Last modified: 2/22/2016 11:05:33 AM
If the calls are growing for greater transparency — let’s make that honesty — regarding the Northeast Energy Direct pipeline proposal and who will benefit from an enlarged natural gas supply, it’s because more and more people are connecting the dots as the companies involved race to get permits and permissions.
This time it was U.S. Sen. Edward Markey, Massachusetts’ junior senator, who is the latest to call into question what’s driving for the pipeline proposal.
“The ultimate goal of some natural gas pipeline proposals being made in New England is not to help our residents with expanded infrastructure but to use New England as a throughway to export U.S. natural gas to Canada and ultimately to overseas markets,” Markey said last Friday in a release reacting to a Department of Energy decision that opens a flow of natural gas for export. “The companies who are proposing these pipeline projects need to be fully forthcoming about the ultimate fate of the gas that would be transported through these pipelines in order for these proposals to be examined in their entirety.”

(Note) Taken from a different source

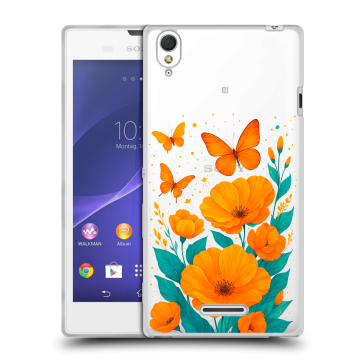 Силиконовый чехол на Sony Xperia T3 с принтом цветы бабочки Силиконовый чехол на Sony Xperia T3 с принтом цветы бабочки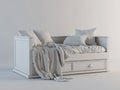 Sofás cama de madera 200x90x85 cm - Blanco - Estilo clásico con 2 cajones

Opponents have questioned the motives for building this pipeline, which would bring fracked gas from Pennsylvania to Dracut along a route that cuts across a number of communities in Berkshire and Franklin counties. They have dismissed the public stance taken by Tennessee Gas Co., the pipeline builder and its parent company, Kinder Morgan, that the project serves New England and its energy needs.
Instead, they say the natural gas is intended for markets outside the United States — a possibility that Kinder Morgan has mostly been silent on.
With his long record on protecting the environment, Markey has taken the stance — and rightly — that federal agencies and departments need to look at a bigger picture when it comes to such projects, instead of piecemeal approvals that run counter to the public interest. It’s why last year he reintroduced legislation that would require the U.S. Department of Energy to consider several factors before approving natural gas exports.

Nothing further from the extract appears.